■ INPUT DATA ■
*-*-*

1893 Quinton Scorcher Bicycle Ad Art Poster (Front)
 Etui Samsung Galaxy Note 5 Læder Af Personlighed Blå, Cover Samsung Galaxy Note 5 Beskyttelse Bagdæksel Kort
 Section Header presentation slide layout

*-*-*

■ TASK ITEM ■
Every line from the line containing "Etui Samsung Galaxy" to the last line of the material above must be repeated exactly, and no other line.

■ EXERCISE ANSWER ■
 Etui Samsung Galaxy Note 5 Læder Af Personlighed Blå, Cover Samsung Galaxy Note 5 Beskyttelse Bagdæksel Kort
 Section Header presentation slide layout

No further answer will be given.